Instructions for the task →
Below, some lines carry pictures; leave those pictures out and retype exactly the lines from the one with "Světle zelený efekt" through the one with "Close-up showing the".

Records for this task →
**********
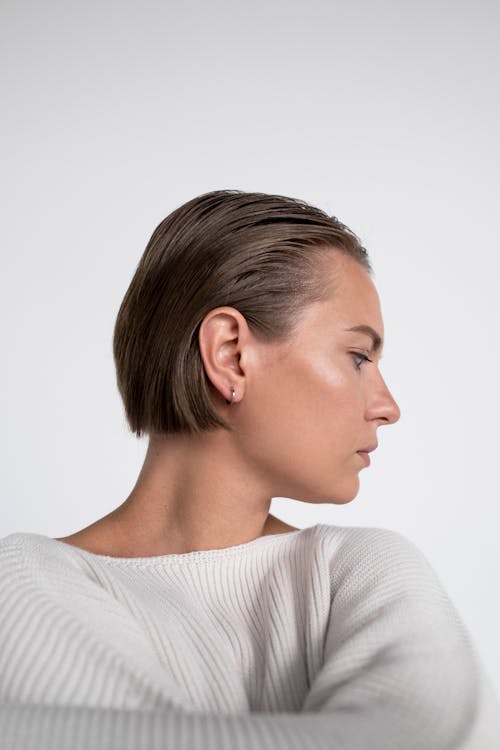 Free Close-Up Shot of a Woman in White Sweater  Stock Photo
**********
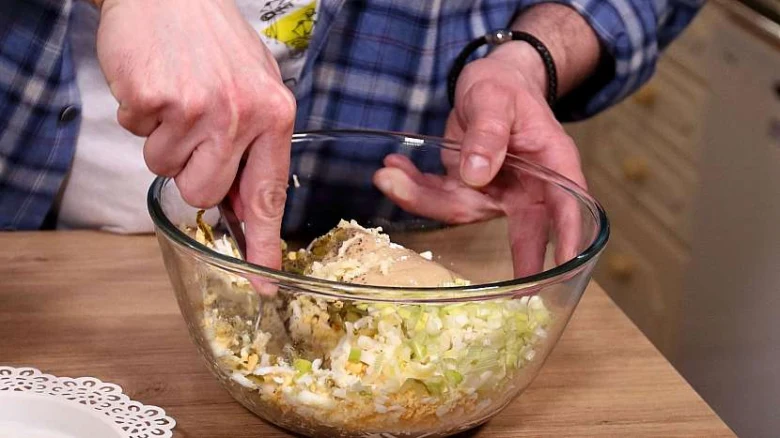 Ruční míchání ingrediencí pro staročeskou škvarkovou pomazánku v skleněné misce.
**********
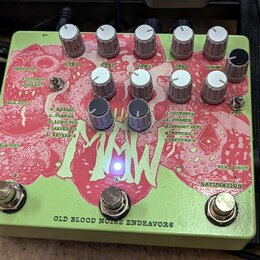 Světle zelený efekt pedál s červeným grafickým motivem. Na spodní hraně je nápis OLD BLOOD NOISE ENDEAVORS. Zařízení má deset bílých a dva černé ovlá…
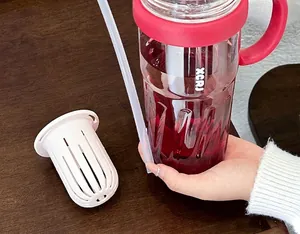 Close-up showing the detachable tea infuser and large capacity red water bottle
**********
Task solution →
 Světle zelený efekt pedál s červeným grafickým motivem. Na spodní hraně je nápis OLD BLOOD NOISE ENDEAVORS. Zařízení má deset bílých a dva černé ovlá…
 Close-up showing the detachable tea infuser and large capacity red water bottle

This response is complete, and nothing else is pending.